Python Scraping – How to get S&P 500 companies from Wikipedia

Scraping is a great way to extract extensively data from the web with no manual intervention at all . For a Financial Analyst or investor, it can really save hours of time consuming work collecting data manually. In this article, I will show you how to scrape Wikipedia with Python to collect information from the S&P 500 index.

We will build a script to get a list of S&P 500 company tickers for any given industry. We will use Python and Beautiful Soup. If you are not familiar with scraping and Beautiful Soup, I advise you to have a look at one of my articles where I explain the basics on how to scrape a website with Python.

Scraping Wikipedia with Python
Photo by Nicolas Picard on Unsplash

A Python Scraper for Wikipedia

In this post, we will build a script to extract a list of tickers containing companies from the S&P 500 index.
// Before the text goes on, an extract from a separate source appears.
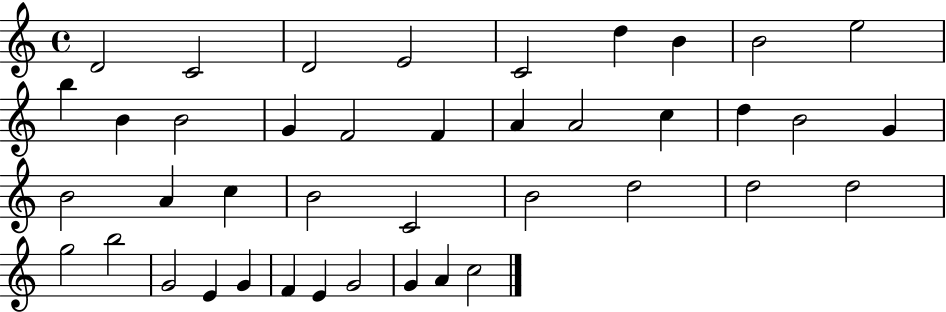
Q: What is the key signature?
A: C major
If we have a look at the Wikipedia page containing the list of S&P 500 tickers, we see that the information that we want is included in a table:

How to scrape Wikipedia with Python
Wikipedia Table – S&P 500 Companies

Each row (except the first one which is the header) contains information for an individual company. Therefore, we will need to scrape this table to get the ticker symbol, in the 1st column, and the GICS Sub Industry, in the 5th column, for each of the rows.
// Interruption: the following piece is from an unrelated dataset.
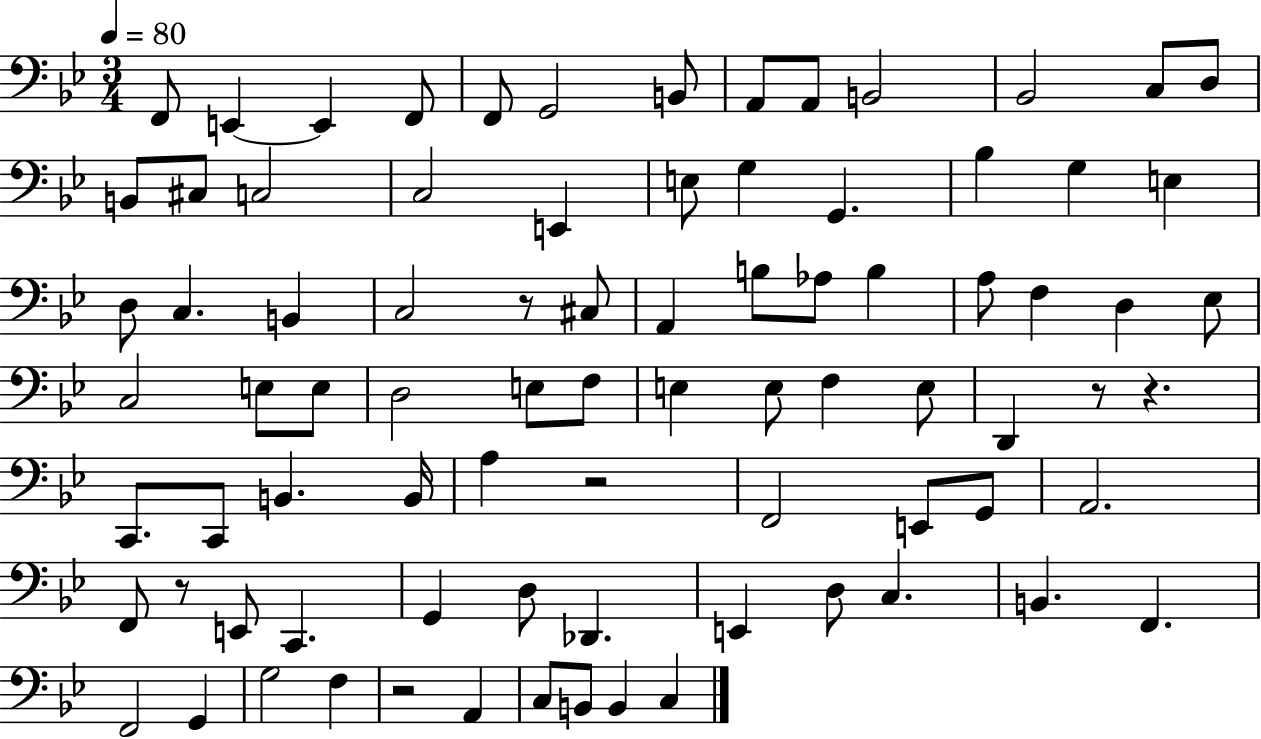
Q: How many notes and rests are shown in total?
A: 83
First of all, we need to have a look at the source code of the page. To do that, we simply right click on the Wikipedia page and select the option View Page Source. Then, we are able to see the html code of the page. The table can be found under the table tag having wikitable sortable as class:

<table class="wikitable sortable" id="constituents">

Great, we have located our target object, in this case it is a table. Now we are ready to start building our code in order to scrape table information and extract the required data:

import bs4 as bs
import requests
import pandas as pd
 
resp = requests.get('http://en.wikipedia.org/wiki/List_of_S%26P_500_companies')
soup = bs.BeautifulSoup(resp.text, 'lxml')
table = soup.find('table', {'class': 'wikitable sortable'})
print(table)

#Response:
<table class="wikitable sortable" id="constituents">
<tbody><tr>
<th><a href="/wiki/Ticker_symbol" title="Ticker symbol">Ticker Symbol</a>
</th>
<th>Security</th>
<th><a href="/wiki/SEC_filing" title="SEC filing">SEC filings</a></th>
<th><a href="/wiki/Global_Industry_Classification_Standard" title="Global Industry Classification Standard">GICS</a> Sector</th>
<th>GICS Sub Industry</th>
<th>Headquarters Location</th>
<th>Date first added</th>
<th><a href="/wiki/Central_Index_Key" title="Central Index Key">CIK</a></th>
<th>Founded
</th></tr>
<tr>
<td><a class="external text" href="https://www.nyse.com/quote/XNYS:MMM" rel="nofollow">MMM</a>
</td>..
...
...

If above code is confusing to you, I recommend you to have a look at one of my previous posts explaining the basics on web scraping with Python.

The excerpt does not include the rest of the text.